Forgotten scaling: the role of APM in customer support

“Application Monitor generally emphasizes the necessity of application performance management (APM): make good use of APM, or lose vital customers. Let’s consider the alternatives and consequences in a more sophisticated way, where the choices shade beyond “black” and “white”.

Suppose your organization is like one I currently observe closely: Web-based applications deliver mission-critical services. Response time perceived at customers’ browsers varies on regular daily and weekly cycles, with occasional flurries of congestion or slowdown. End users are mostly satisfied with performance, and focused just on going about their business. What will happen as the business grows, perhaps dramatically, over the next couple of years?

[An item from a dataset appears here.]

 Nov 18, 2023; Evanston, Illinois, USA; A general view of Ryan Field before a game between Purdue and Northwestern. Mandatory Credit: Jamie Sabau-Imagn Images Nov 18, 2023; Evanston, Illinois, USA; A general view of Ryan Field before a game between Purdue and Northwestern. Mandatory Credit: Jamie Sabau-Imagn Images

This is the “scalability” question. Much of the software and related infrastructure is already in place; programmers often speculate and plan about scaling, and the code base appears to be in adequate shape to suppor
t expansion by at least one order of decimal magnitude. While more hardware will be necessary, the system appears to be designed so that new hosts can be provisioned and deployed in a manageable and cost-effective system.

There’s one human element in service delivery, though, whose scaling hasn’t been solved: customer support. The company’s current model has expert support staff covering all 168 hours of every week, fielding inquiries through telephone, chat, and e-mail. As business grows, there’s every reason to expect that the number of support calls will grow at least proportionally.

This is a problem.

Or if not precisely a problem, at least a considerable challenge. The company will need to be hiring and training new support staff nearly continuously, if it’s to prosper. That’s inherently difficult, and particularly so during an “up” phase in the national business cycle, when skilled workers become increasingly hard to locate and secure.

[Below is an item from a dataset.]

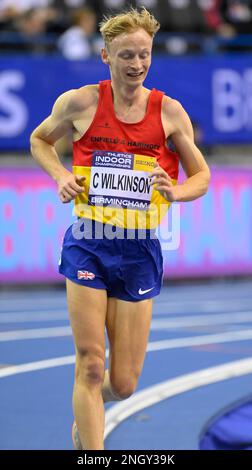 BIRMINGHAM, ENGLAND - 19. FEBRUAR: Callum Wilkinsonin gewinnt den 3000 m Walk Final Day 2 um 11.00.98 Uhr bei der britischen Leichtathletik-Hallenmeisterschaft in der utilita Arena, Birmingham, England Stockfoto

The alternative has its own challenges. In principle, the company can upgrade its on-line help facilities and IVR (interactive voice response), streamline diagnostics, and enhance the general quality of its application to make the most of its support technicians’ time and gradually reduce the incidence of upsets that lead to support calls. In other words, each support tech will cover a wider and wider span of potential callers. This make the support center “brittle”: when something systemic goes wrong, an overwhelming avalanche of calls arrives.

The only solution we know for this combines increasing the robustness of the application along with disciplined, proactive APM. The company is learning that it’s not enough to have logs that allow faults to be diagnosed
after they’ve occurred; to grow the business as planned, it needs control panels that flag root causes before customers realize they have problems. While that sounds a bit like magic, several APM solutions deliver exactly that kind of insight. Early experiments hint that at least a couple of these are practical for the company I’m describing.

In abstract terms, APM has benefits beyond a requirement to maintain application availability. In this case, it makes the human resources in customer support less of a limiting factor, and allows the company to grow in a healthier and more balanced fashion.

As we’ll see in follow-ups later this winter, APM pays off in customer support in other ways as well.